The brief discussion of the amendment in Congress makes clear that the committee had no intention of subordinating one right to the other.[75] Elbridge Gerry attacked the phrase dealing with conscientious objectors, those "scrupulous of bearing arms," that appeared in the original (p.137)amendment. Revealing a libertarian distrust of government, Gerry maintained that the declaration of rights in the proposed amendment "is intended to secured the people against the mal-administration of the Government," and indicated that the federal government might employ the conscientious objector phrase "to destroy the constitution itself. They can declare who are those religiously scrupulous, and prevent them from bearing arms."[76] This would return America to a European-style society in which governments systematically disarmed their citizens.
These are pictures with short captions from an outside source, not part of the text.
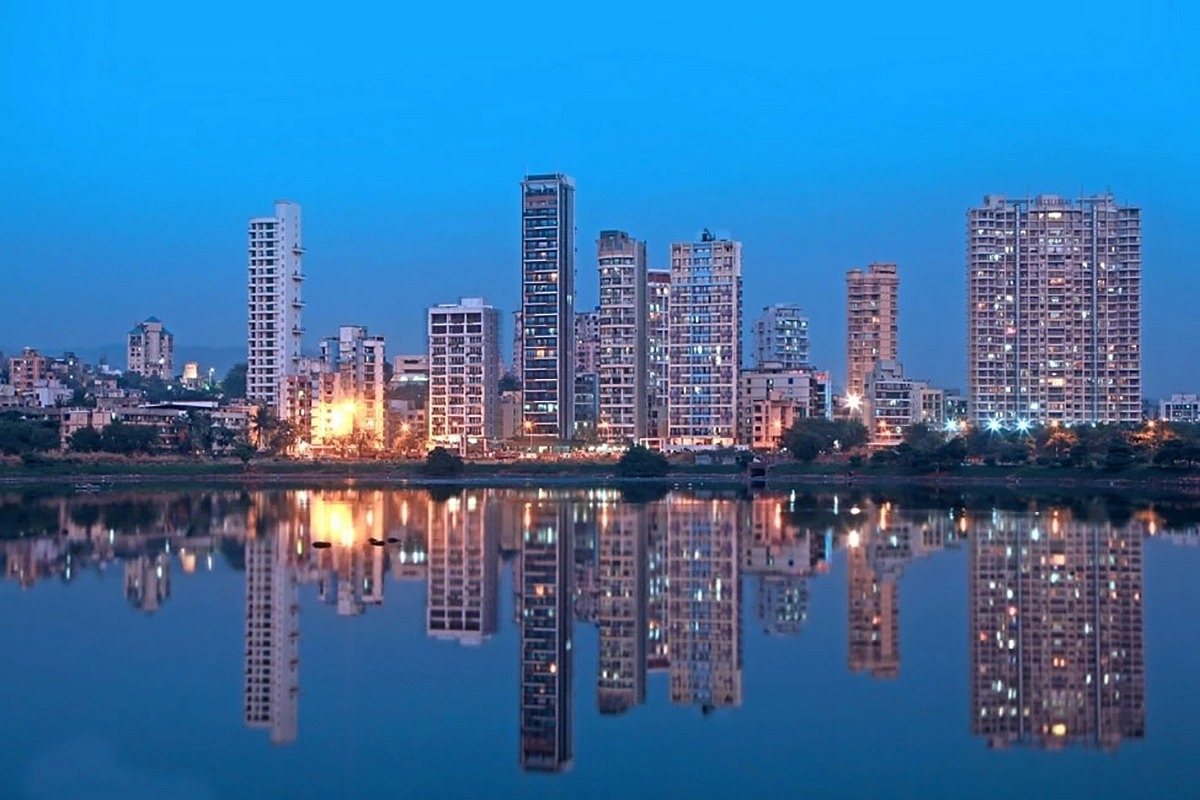Maharashtra: CIDCO To Begin Its 11th New Town Project, Appointed To Develop Jalna-Kharpudi Area 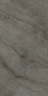 Керамогранит Kerranova K-2405/MR Bereg Grey 60x120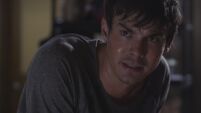 Pretty Little Liars S05E15 315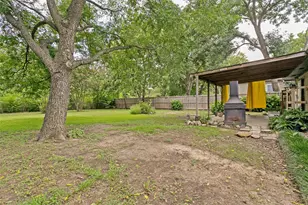 813 Westway St, Denton, TX 76201 - Photo 11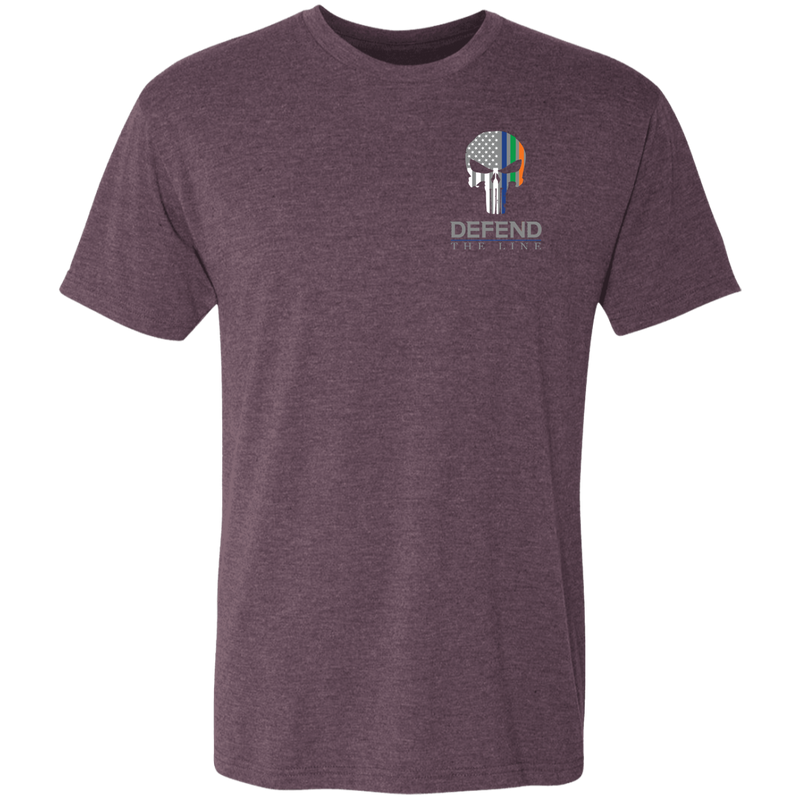 products/mens-double-sided-irish-by-blood-punisher-athletic-shirt-t-shirts-vintage-purple-s-307993.png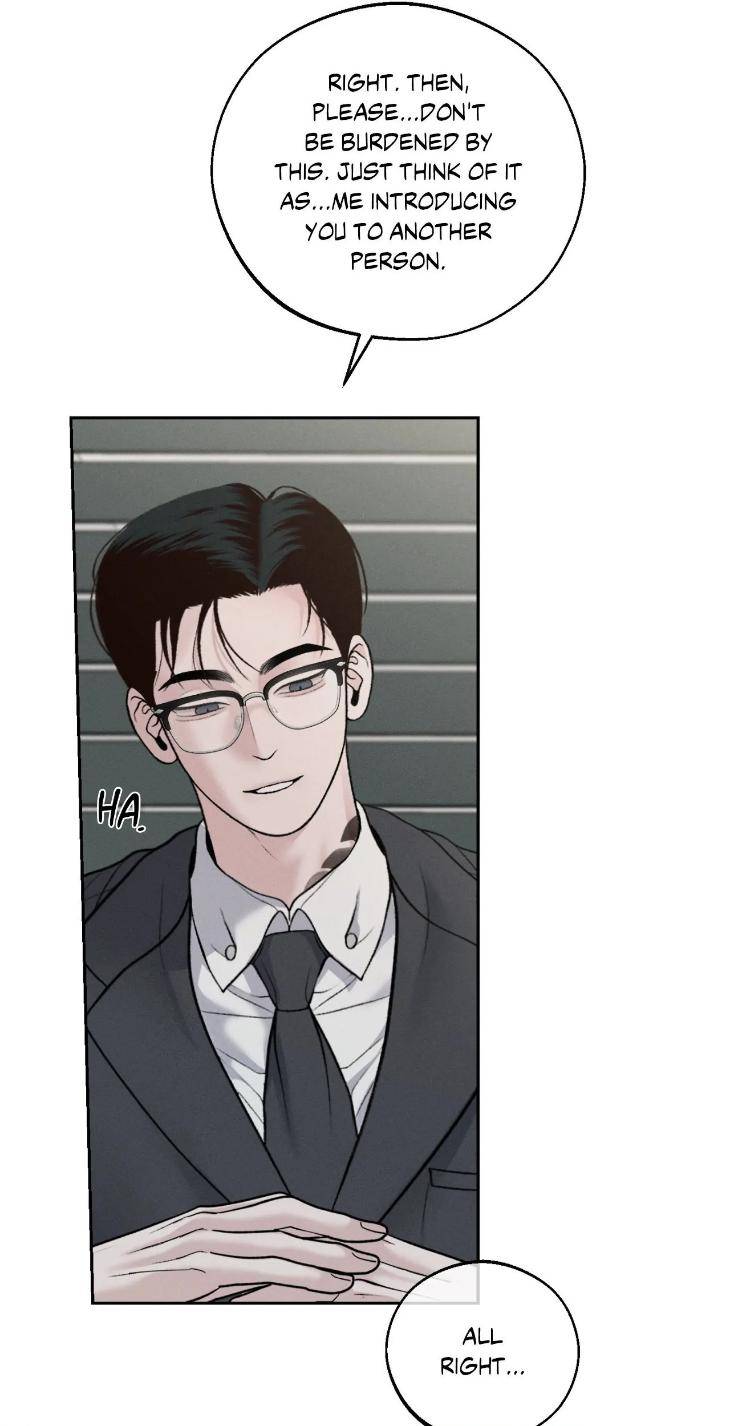 Save-The-Dae-By-Wageul-Uncensored-Ch-Eng page 15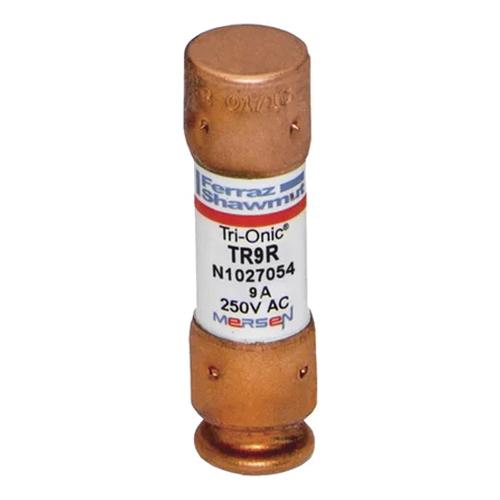MERSEN TR9R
Thomas Scott of Pennsylvania also strenuously objected to this phrase for fear it might "lead to the violation of another article in the constitution, which secures to the people the right of keeping arms."[77]

While congressmen firmly believed in the right of individual citizens to possess arms, no consensus existed regarding whether or not these people should be required to bear arms in the militia. One representative declared: "As far as the whole body of the people are necessary to the general defence, they ought to be armed; but the law ought not to require more than is necessary; for that would be a just cause of complaint."[78] But another representative observed that "the people of America would never consent to be deprived of the privilege of carrying arms. Though it may prove burdensome to some individuals to be obliged to arm themselves, yet it would not be so considered when the advantages were justly estimated."[79] Other congressmen even went so far as to argue that the states should supply firearms to those Americans without them.[80] Regardless of their voicers' feelings about the militia, such statements clearly revealed an urge to get arms into the hands of all American males between the ages of eighteen and forty-five, and not to restrict such possession to those in militia service.[81]

Please try to ensure a rebuttal includes cites instead of Paulsenisms.

847 posted on 11/14/2007 12:03:30 PM PST by VeniVidiVici (No buy China!!)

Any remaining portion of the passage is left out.